The geological record teaches us that in the so-called Glacial Period, at least two distinct epochs of low temperature, and the consequential accumulation of ice, are to be definitely discerned. Still further back, we see evidence of glacial action in the Permian Strata, and possibly as far back as the Cambrian formations, although these eras of cold are not comparable with the period at the beginning of the Quaternary time. Croll, the Scottish physicist, first called attention to the fact that at certain regular intervals of time, the precession of the equinoxes, and the eccentricity of the earth’s orbit, would so act in conjunction as to render favorable a great many conditions which would certainly all point toward a period of extreme cold. He calculated that the earth was traveling around the sun in an ellipse of maximum eccentricity, and that winter was occurring in the northern hemisphere when the earth was furthest from the sun, for the last time some quarter of a million years ago. About eighty thousand years after this date, the coincidence of the two phenomena reached a maximum effect, and about eighty thousand years later, climatic conditions were again about as we have them to-day. Upon this hypothesis, another period of extreme cold must have existed some one-half million years earlier, as calculations upon the same premises as were used in the last computation will show. It is likewise true that, according to this theory, there must have been at least one other such period further back in geological time, and it is now to be seen whether our records, as shown by the strata, establish these facts.

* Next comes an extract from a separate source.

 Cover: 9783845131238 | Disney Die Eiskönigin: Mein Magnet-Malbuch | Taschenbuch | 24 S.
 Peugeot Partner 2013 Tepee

Prior to the enunciation of this theory by Croll, the famous English geologist, Sir Charles Lyell, from measurements of the strata, had calculated that the last period of glaciation occurred about as Croll stated, and that a period of cold and ice far more intense and extensive occurred some four or five hundred thousand years earlier. Mr. Laing has shown that, in order to make such conditions as must have existed at this time, not only is a low temperature necessary, but a certain amount of land must have an elevation sufficient to give the required initial fall to the ice river, so that it may move over the obstacles in its way, and that the higher such elevations in the Arctic zones, and the greater the humidity of the air when it strikes such elevated polar plateaux, the more augmented will be the probability of glacial activity. The rapidity of the glacier’s movement can have no bearing upon the duration of the glacial period, inasmuch as a certain length of time may have been required for the ice-cap to form and push forward to a certain place, and it may have remained there for an indeterminate period, governed only by the amount of snow deposited upon the original source, and the rapidity of melting at the moraine. In Eastern England, no less than four distinct boulder clays have been found separated by the débris deposited from the moraines of each ice sheet, and a few hundred miles away in France, the record is so certain that we know that the Arctic fauna and flora gave away twice for that of the warmer parts of the Temperate zones.

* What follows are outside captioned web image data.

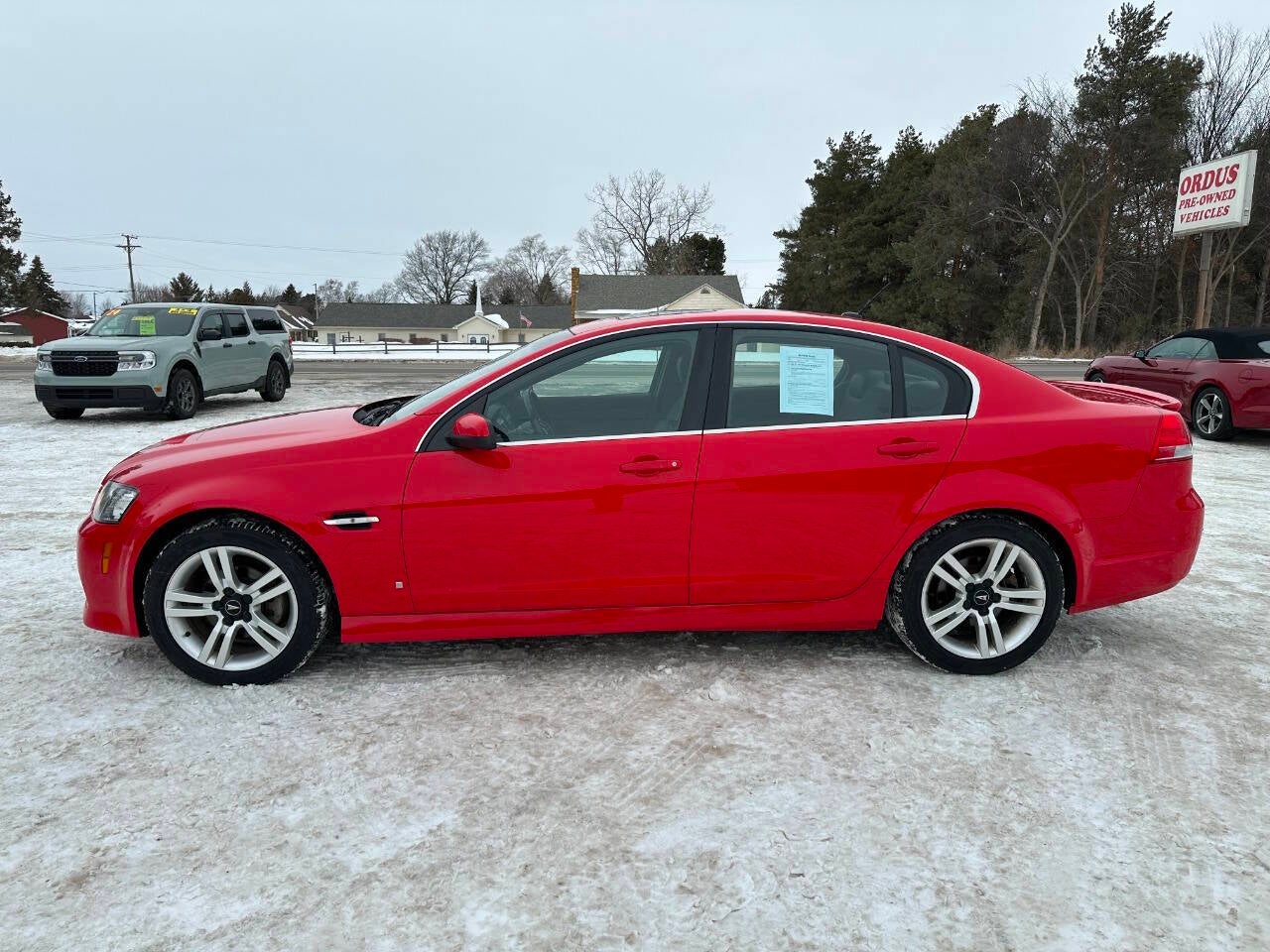 2009 Pontiac G8 Base 4dr Sedan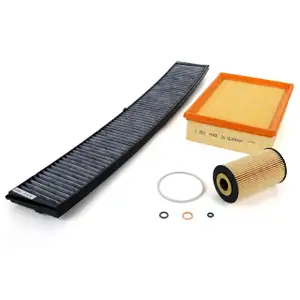 Inspektionskit Filterpaket Filterset f&uuml;r BMW 3er E46 316i 105 PS 318i 116/118 PS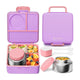 Fimibuke 60oz Bento Box with 8.5oz Thermos & Utensils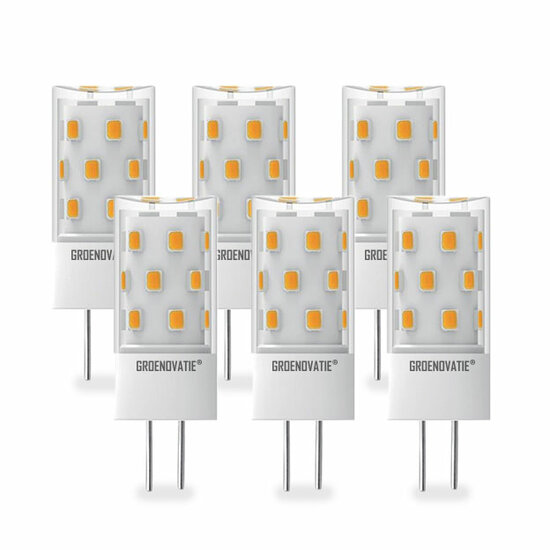 G4 LED Lamp 5W Warm Wit Dimbaar 6-Pack afbeelding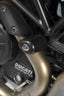 R&G Aero Frame Sliders for Ducati Diavel 1200 (11-18)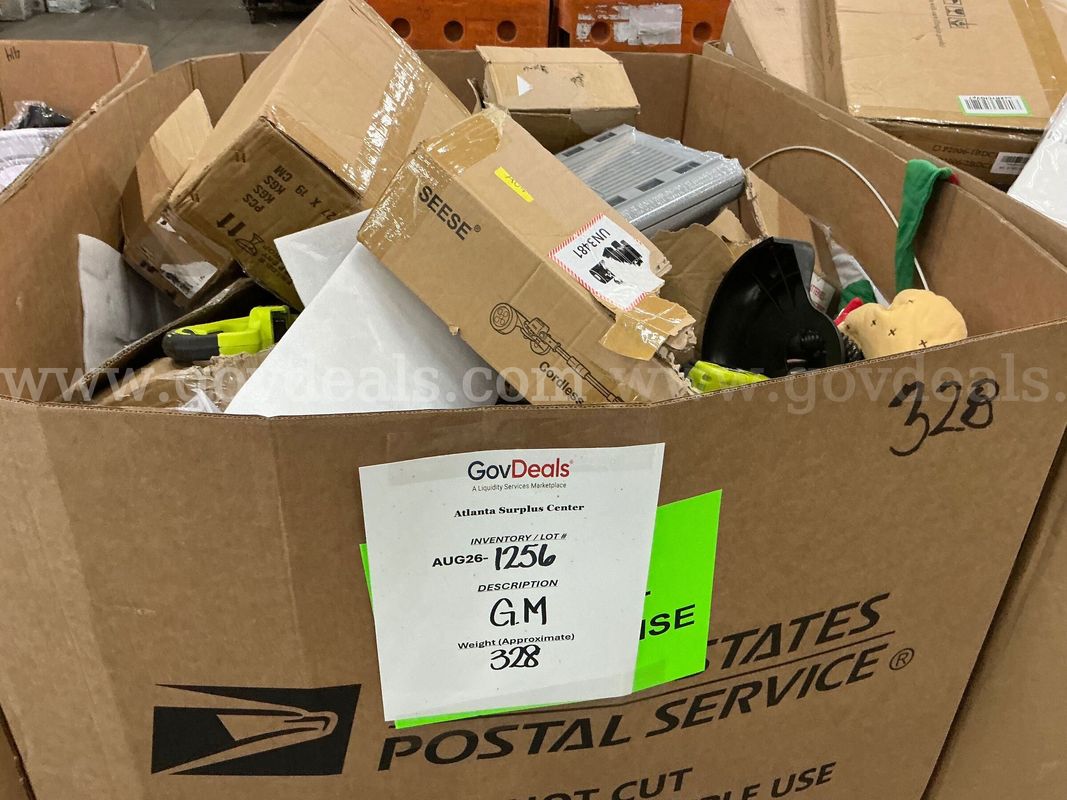 General Merchandise: (Gaylord) (AUG26-1256)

We are certain that both that portion of Scandinavia and Canada, which were the centers of the great European and American ice-caps, had an elevation greatly in excess of what it is to-day, at the time of the glacial epoch. During the first glaciation, Eastern Canada, or that part south of Hudson’s Bay, was certainly twenty-five hundred feet higher than it is now, and the area covered by ocean formations or marine beds to the southward, show that at the same time these sections were very much lower than they are at the present day. On the other side of the Atlantic Ocean, the elevation in Norway was at least a couple of thousand feet more than at present; while both England and Ireland have risen a considerable amount since this period.